Raoul Ubac 1960 Lithograph "Formes Groupées I"
Item Details
Raoul Ubac (Belgian/France, 1910 – 1985)
Formes Groupées I, 1960
Lithograph on paper
Signed “R. Ubac” to the lower right
Numbered 133/150
Titled to the verso
Raoul Ubac was a Belgian painter, sculpture, printmaker, and photographer who worked primarily in France. From around 1934 until 1942, he focused on photography, creating Surrealist photographs that he contributed to the art journal Minotaure, founded by Andre Breton. He is known for pioneering the experimental photography technique ‘heatage’, for which he heated the photographic plate, allowing the image to flow and the emulsion to melt. After the outbreak of World War II, Ubac’s work became more figurative and less abstract. He returned to painting, but also turned to printmaking, creating woodcuts, engravings and etchings. In 1961, Ubac collaborated on a stained glass commission for a church in Varengeville, France with renowned Cubist Georges Braque. Other projects of his include mosaics and tapestries that he created for the Maeght Foundation in 1967, and a 1969 tapestry design series for the Nouveau Palais de Justice in Lille, France.
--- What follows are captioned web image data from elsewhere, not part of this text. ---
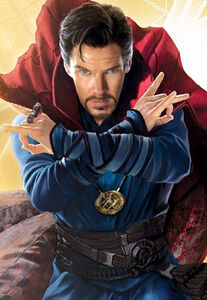 Doctor Strange in Spider-Man: No Way Home.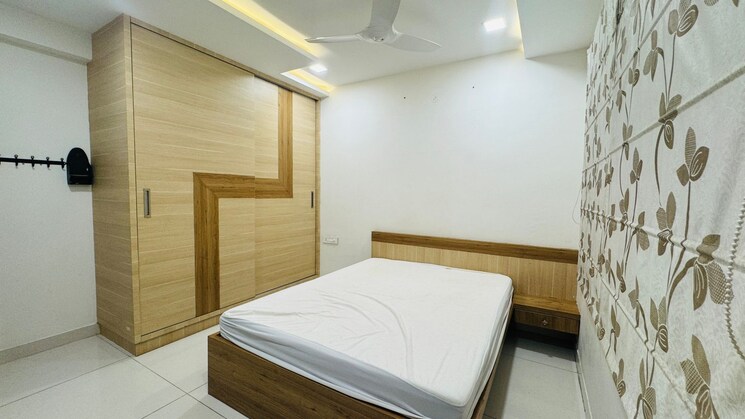 Bedroom, honer-vivantis 3 Bedroom 1860 Sq.Ft. Apartment In Gopanpally Hyderabad 7889126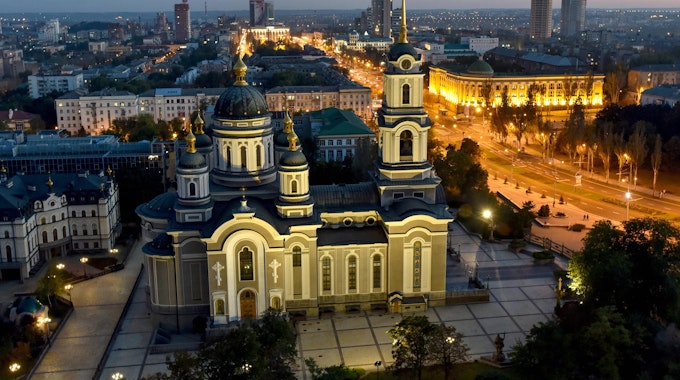Kathedrale Donezk
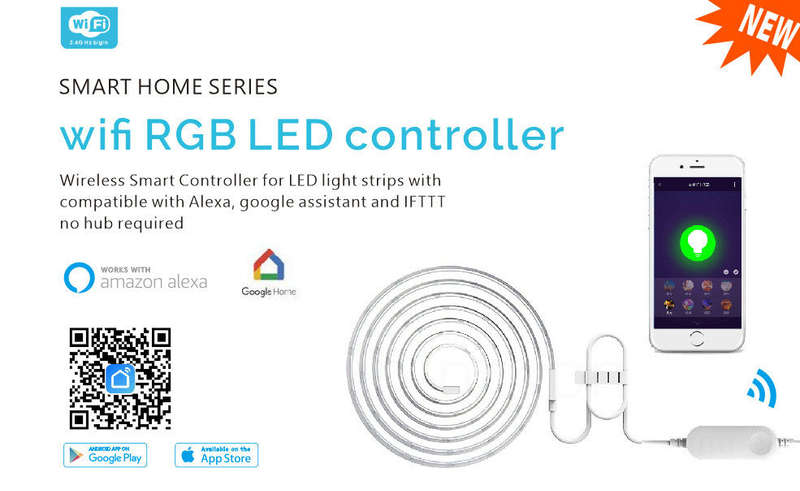 RGB LED light Strip 5m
Ubac’s work has been collected and exhibited by numerous reputable institutions including the Museum of Modern Art, the San Francisco Museum of Modern Art, the Art Institute of Chicago, and the Cobra Museum of Modern Art, among others.
Condition
- negligible wear and minor accretions of matting; negligible even toning throughout the paper.
Dimensions
- measures the matting; image size 9.5" W x 11.75" H.